El progresivo envejecimiento de los hombres del régimen obligó a buscar fórmulas para mantener en lo fundamental los pilares del régimen. Cortado el primer intento a través de Carrero Blanco y el príncipe heredero, las cosas se fueron precipitando. El protagonismo creciente de la gente, deseosa de mejorar las condiciones de vida y conquistar derechos perdidos, y de los grupos oposición, que querían acabar con la dictadura, supuso un reto al régimen que le llevó, por un lado, a recuperar parte de su fervor represivo y, por otro, a tener que buscar nuevas soluciones.
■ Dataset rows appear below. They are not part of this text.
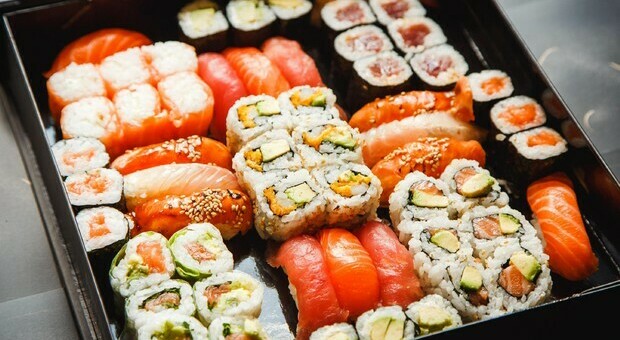 Mangia il sushi e finisce in rianimazione, 21enne con insufficienze multiorgano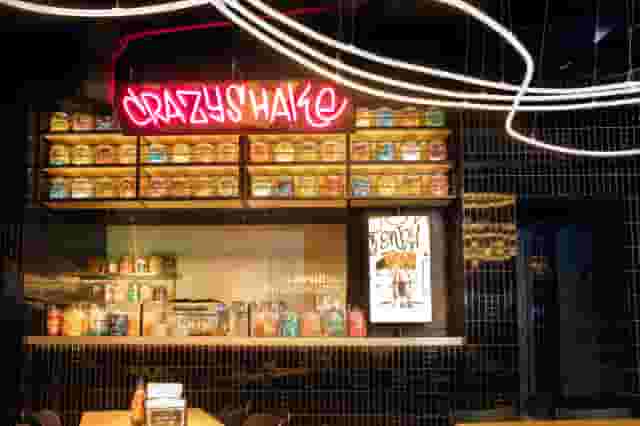 CrazyShake Restaurant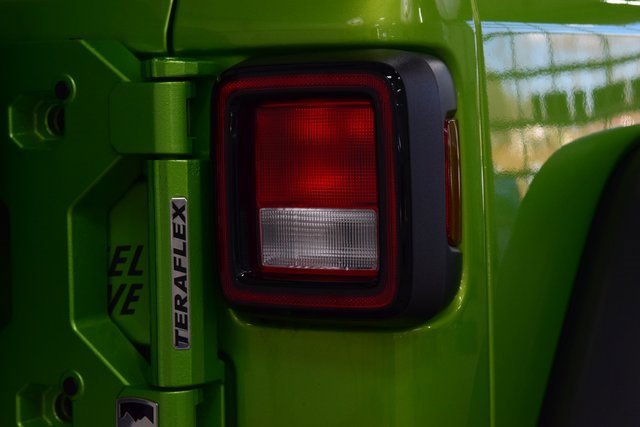 Used 2025 Jeep Wrangler Sport image 18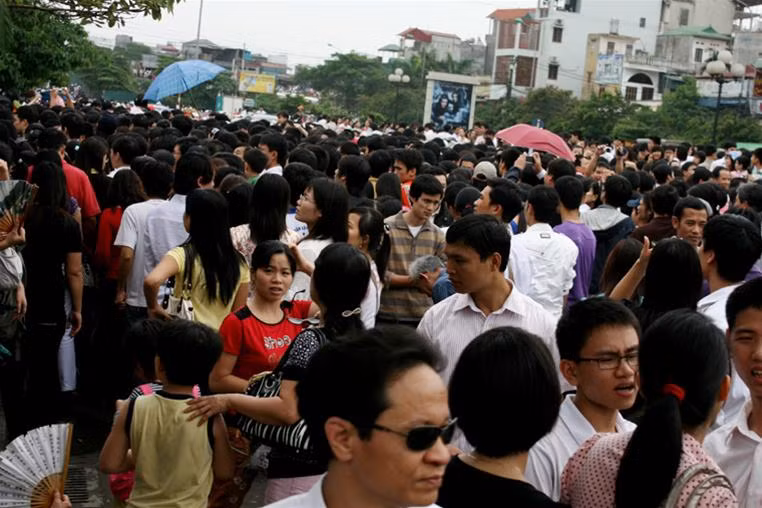 Đường Văn Cao hôm nay cấm các phương tiện đi lại nhưng vẫn tắc trầm trọng vì lượng người đổ về quá đông.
Lo que vino después, derrotado el inmovilismo franquista y neutralizada la opción rupturista de la oposición, fue un acuerdo entre las élites políticas, con la conformidad de las económicas, para construir un nuevo edificio político. En él acabaron amoldándose los sectores provenientes del franquismo sociológico, y buena parte los que se habían resistido a la dictadura o había ido pasando a la oposición en los últimos momentos. Eso fue, en realidad, lo que se denominó como Transición, sacralizada hasta la extenuación y limpiada de cualquier atisbo que permitiera entrever que la rebeldía fue lo que aceleró el derrumbe de la dictadura.
Pero Franco tenía preparado desde hacía tiempo otra sorpresa. Por eso sigue enterrado en el valle de Cuelgamuros. ¡Qué cruz y qué losa más pesada, ay!